__Material for the task__:
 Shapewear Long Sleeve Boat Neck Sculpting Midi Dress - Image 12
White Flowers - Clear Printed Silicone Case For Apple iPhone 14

...

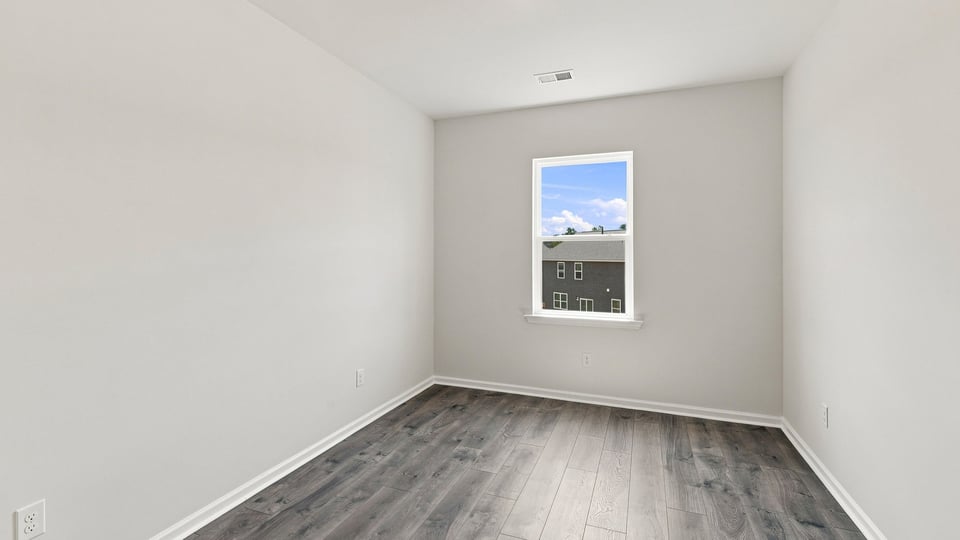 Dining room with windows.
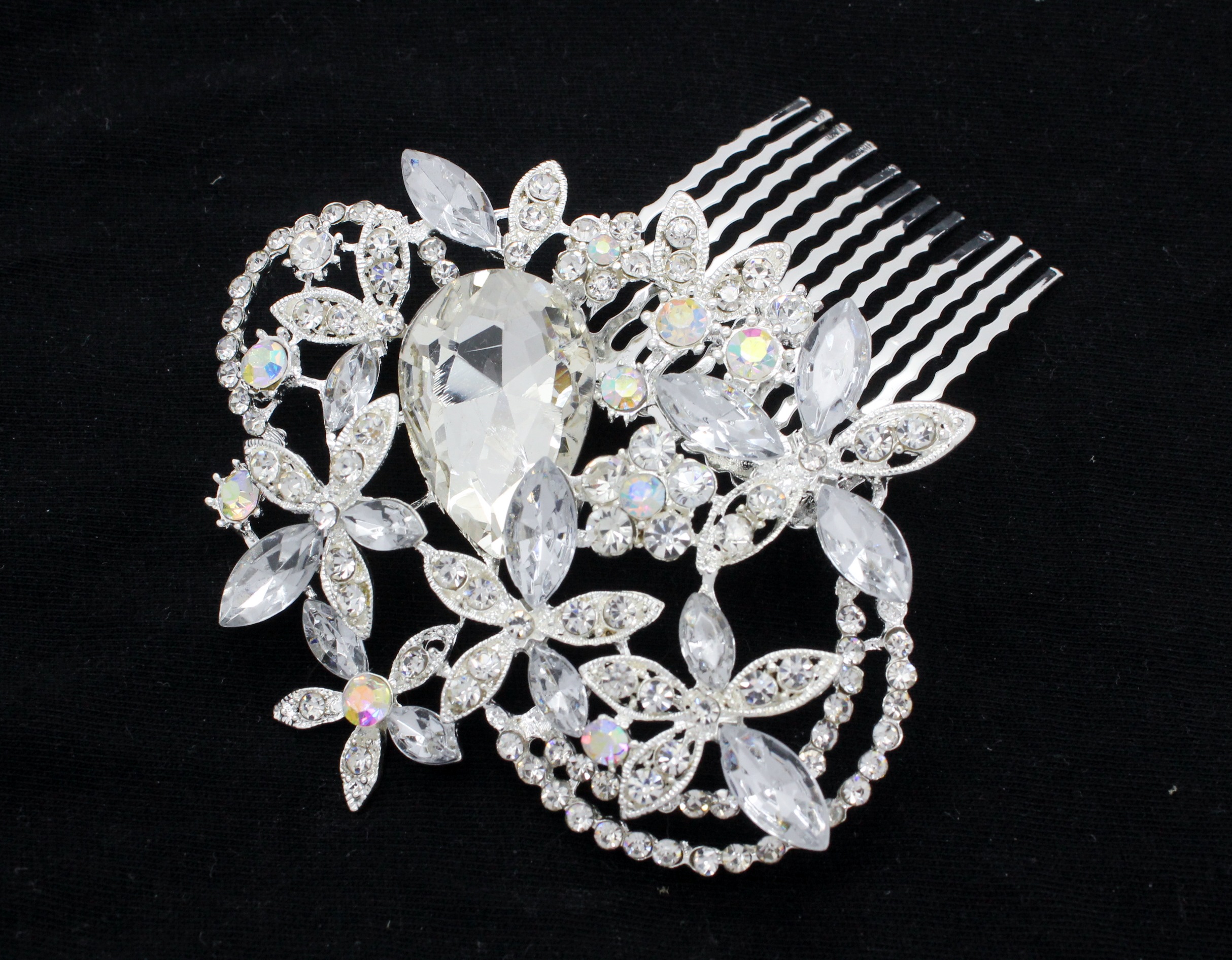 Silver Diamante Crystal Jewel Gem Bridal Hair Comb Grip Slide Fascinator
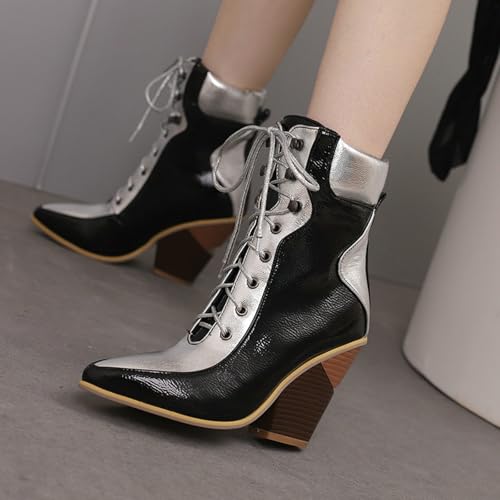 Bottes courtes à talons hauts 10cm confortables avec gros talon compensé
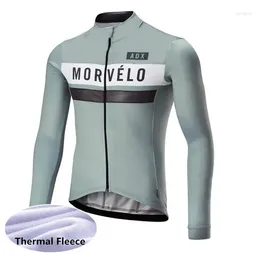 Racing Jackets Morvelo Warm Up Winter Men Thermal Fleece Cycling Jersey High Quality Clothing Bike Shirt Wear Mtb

* * *

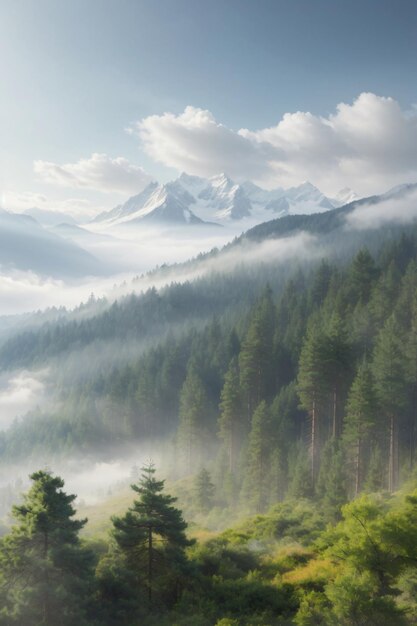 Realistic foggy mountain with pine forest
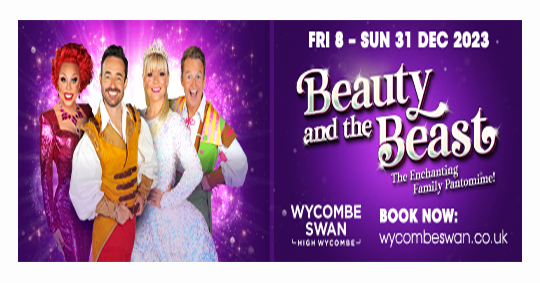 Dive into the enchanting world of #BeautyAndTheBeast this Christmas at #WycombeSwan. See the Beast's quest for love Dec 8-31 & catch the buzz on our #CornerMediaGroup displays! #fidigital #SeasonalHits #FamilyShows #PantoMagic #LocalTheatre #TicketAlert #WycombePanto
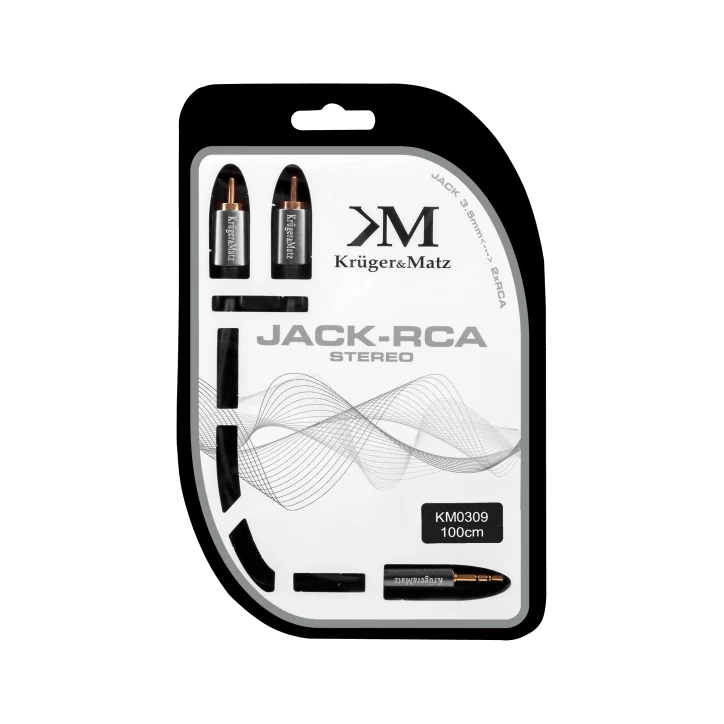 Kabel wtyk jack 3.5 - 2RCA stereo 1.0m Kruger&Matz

__The problem__: Exactly the lines above from the one that contains "Dining room with windows." down to the one that contains "Racing Jackets Morvelo" are to be output, both ends kept and pictures omitted.

__Output for this exercise__:
 Dining room with windows.
 Silver Diamante Crystal Jewel Gem Bridal Hair Comb Grip Slide Fascinator
 Bottes courtes à talons hauts 10cm confortables avec gros talon compensé
 Racing Jackets Morvelo Warm Up Winter Men Thermal Fleece Cycling Jersey High Quality Clothing Bike Shirt Wear Mtb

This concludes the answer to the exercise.